*Work request*
Where does the word "Treatment" show up in the records? Copy every line that has it.

::::

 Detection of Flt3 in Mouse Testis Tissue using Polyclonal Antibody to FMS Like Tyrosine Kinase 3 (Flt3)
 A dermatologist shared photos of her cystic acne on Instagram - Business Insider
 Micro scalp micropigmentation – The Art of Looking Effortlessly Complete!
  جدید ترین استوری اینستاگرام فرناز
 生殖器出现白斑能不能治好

::::

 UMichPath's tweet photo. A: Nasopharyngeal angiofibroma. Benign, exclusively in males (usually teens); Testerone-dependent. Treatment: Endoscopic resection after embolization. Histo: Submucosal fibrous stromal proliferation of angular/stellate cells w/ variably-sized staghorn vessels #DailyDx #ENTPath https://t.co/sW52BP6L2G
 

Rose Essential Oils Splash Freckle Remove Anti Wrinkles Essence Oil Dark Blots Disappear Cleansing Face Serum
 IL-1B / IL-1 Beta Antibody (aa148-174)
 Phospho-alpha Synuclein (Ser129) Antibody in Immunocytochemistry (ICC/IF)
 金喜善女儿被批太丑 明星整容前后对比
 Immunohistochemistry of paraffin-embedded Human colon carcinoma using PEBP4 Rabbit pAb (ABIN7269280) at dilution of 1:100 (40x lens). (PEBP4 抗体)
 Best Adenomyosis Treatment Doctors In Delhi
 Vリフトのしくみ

::::

*Completed task*
 UMichPath's tweet photo. A: Nasopharyngeal angiofibroma. Benign, exclusively in males (usually teens); Testerone-dependent. Treatment: Endoscopic resection after embolization. Histo: Submucosal fibrous stromal proliferation of angular/stellate cells w/ variably-sized staghorn vessels #DailyDx #ENTPath https://t.co/sW52BP6L2G
 Best Adenomyosis Treatment Doctors In Delhi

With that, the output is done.